Definitions And Abbreviations
Mass Timber: Engineered wood products including glue-laminated timber, cross laminated timber (CLT), and dowel laminated timber (DLT)
Biogenic Carbon: Carbon produced in natural processes by living organisms but not fossilized or derived from geological fossil resources. In the building industry, this most commonly occurs in wood products (The Carbon Leadership Forum, 2019).
Operational Carbon: Emissions generated by fuel consumption for heating/cooling, supplying, fresh water, ventilation, and power over the course of a building’s lifetime (Lewis et al., 2023).
Embodied Carbon: Emissions generated by the manufacturing, transportation, installation, maintenance, and disposal of construction materials used in buildings, roads, and other infrastructure (Lewis et al., 2023).
Carbon Sink: Anything that absorbs more carbon from the atmosphere than it releases through carbon sequestration (Churkina et al., 2020).
Carbon Storage: The sequestration of carbon in products for a period, resulting in a (temporary) reduction of the CO2 concentration in the atmosphere
CIRCULARITY: A GROWING INTERNATIONAL PRIORITY
To meet carbon emission reduction goals put forth by the IPCC, it is important to challenge the traditional linear model of consumption -- where products are made, used, and disposed of – and instead pursue a circular economy approach – where materials are designed to be reused, repaired over time, and/or recycled.
A key concept behind circular economies is that materials should be upcycled: reuse that maintains or increases the previous value of the material (Heinrich & Lang, 2019).
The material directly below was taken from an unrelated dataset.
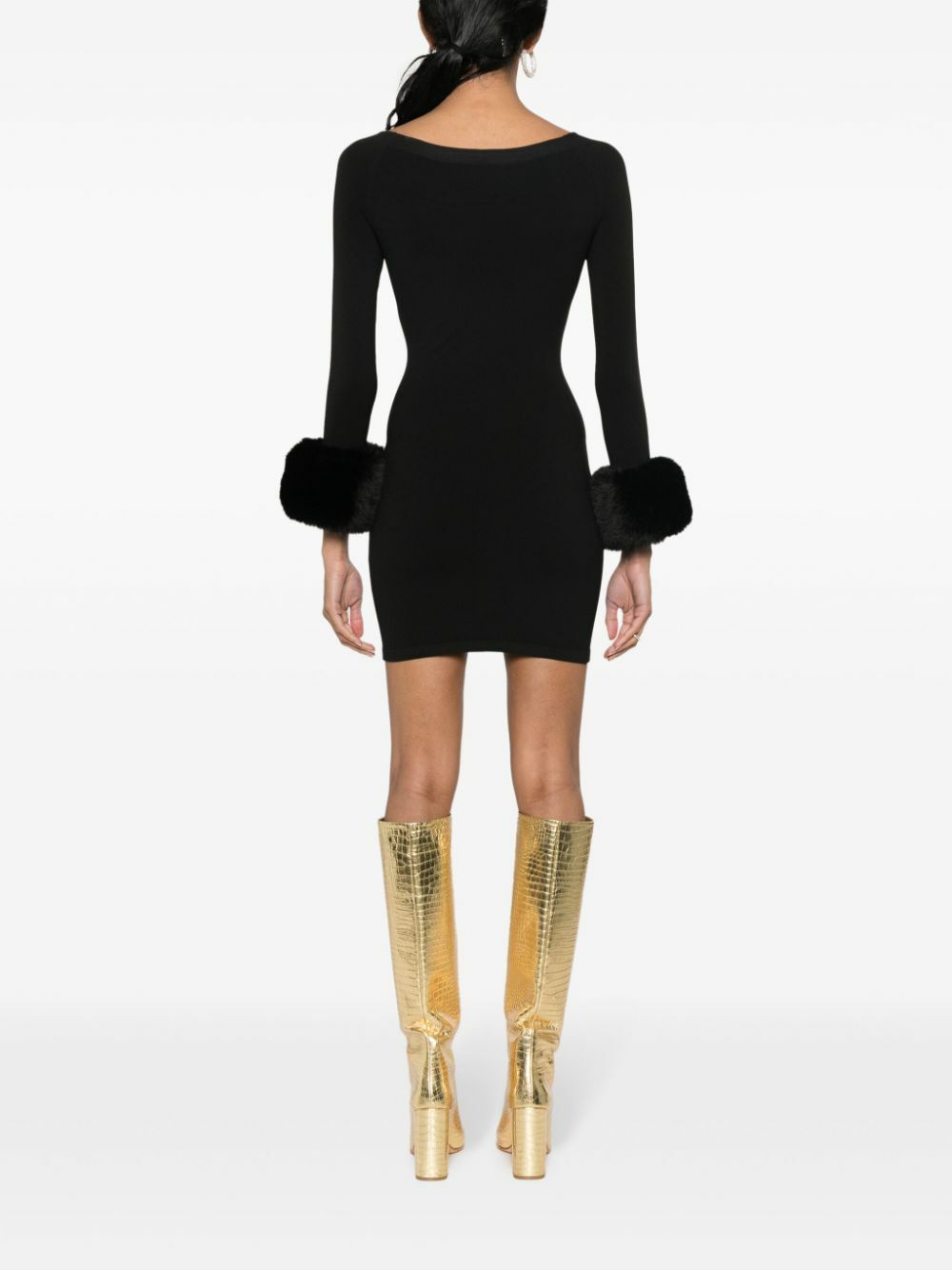Alexander Wang Black Faux-Fur Cuff Mini Dress Alexander Wang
For mass timber, this means that structural elements will be reused as structural components. This contrasts with downcycling: reuse or recycling that reduces the value of the material (Heinrich & Lang, 2019). For mass timber, or any other type of wood, downcycling typically involves reuse in furniture or as wall/ceiling finishes, processing for use in wood composite materials, or mulching (Love, 2007). While both upcycling and downcycling avoid raw material inputs, upcycling is strongly preferred because it requires less energy to process and requires a smaller embodied carbon input.
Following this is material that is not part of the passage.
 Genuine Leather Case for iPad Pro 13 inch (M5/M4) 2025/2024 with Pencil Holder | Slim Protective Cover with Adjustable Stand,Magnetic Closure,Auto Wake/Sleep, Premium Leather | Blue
Cascading is a process that acknowledges that maintaining a material at its highest and best use is not always possible as material ages, and instead promotes the use of the waste material in its highest value alternative for as long as possible (Holgmeier et al., 2013).
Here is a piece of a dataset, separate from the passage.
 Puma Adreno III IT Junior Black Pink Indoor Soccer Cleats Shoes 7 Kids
As of 2021, only 8.6% of our world is circular (The Circularity Gap Report, 2022). Within the building sector, only 20-30% of construction and demolition waste is currently reused or recycled, leaving the remaining 70-80% to be landfilled (Building a world free from waste and pollution, 2021; Rypkema et al., 2021).
To challenge this trend, deconstruction programs have been implemented in several cities across the nation focusing on single-family homes. These programs, still in their infancy, have established flourishing wood salvage materials markets. Wood is the single most valuable salvage material yielded from the deconstruction process in older homes and according to David Greenhill, a deconstructor in Portland, “Selling salvaged wood is the only way to actually make money in this business (Allison Peitz, personal communication, April 13, 2022).”